Short descriptive text snippets:
_ _ _ _ _ _ _

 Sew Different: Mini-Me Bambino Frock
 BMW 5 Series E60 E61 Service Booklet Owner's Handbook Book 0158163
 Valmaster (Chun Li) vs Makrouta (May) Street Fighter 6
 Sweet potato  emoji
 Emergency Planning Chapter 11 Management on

_ _ _ _ _ _ _

• [Problem description]: Reply with the complete data above, every character as it stands.

• [Solved problem]:
 Sew Different: Mini-Me Bambino Frock
 BMW 5 Series E60 E61 Service Booklet Owner's Handbook Book 0158163
 Valmaster (Chun Li) vs Makrouta (May) Street Fighter 6
 Sweet potato  emoji
 Emergency Planning Chapter 11 Management on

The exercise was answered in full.